With Wimbledon very much back in the game and the commentary in full flow, the heavy rain, thunder and fork lightning suddenly takes effect in the worst way possible. Nature’s director yells “Cut!” with another clap of thunder signalling an all-out power failure, therefore ending our commentary, plunging everywhere into darkness, and sending everyone scurrying for cover.

I stay in touch by text with producer Geoff Hawley back at the BBC (Basingstoke Broadcast Control). Safety announcements give way to black comedy as an almighty hail storm passes and the PA system kicks back into life with the Travis track “Why Does It Always Rain On Me?”.

With communication restored, WDON all of a sudden becomes a rolling news network as we keep listeners up to date with the very latest. We hope that the match restarts again and the Dons can go on to earn a precious away win.

 The first part of the dream scenario comes true as the lights come back on and the 22 players enter the pitch once again. Concerns among our press team that we may not make the train back from Manchester Piccadilly are quickly forgotten when the man Neal Ardley refers to as a “warrior” joins in the attack and strikes a late winner.

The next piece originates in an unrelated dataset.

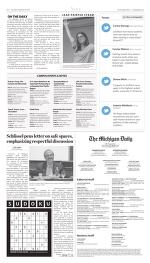 image of September 08, 2016 - number 2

Just enough time afterwards before our departure through the flooded streets to catch up with our co-commentator at Brentford earlier this season - Alan Bennett. Down in the tunnel area, the skipper is clearly going to enjoy the “craic” tonight. Baz Fuller walks out with a ghetto-blaster over his arm that’s as almost as big as him during a lively post-match interview.

That old Wimbledon dressing room spirit will never die and your commentary team will keep going through thick and thin!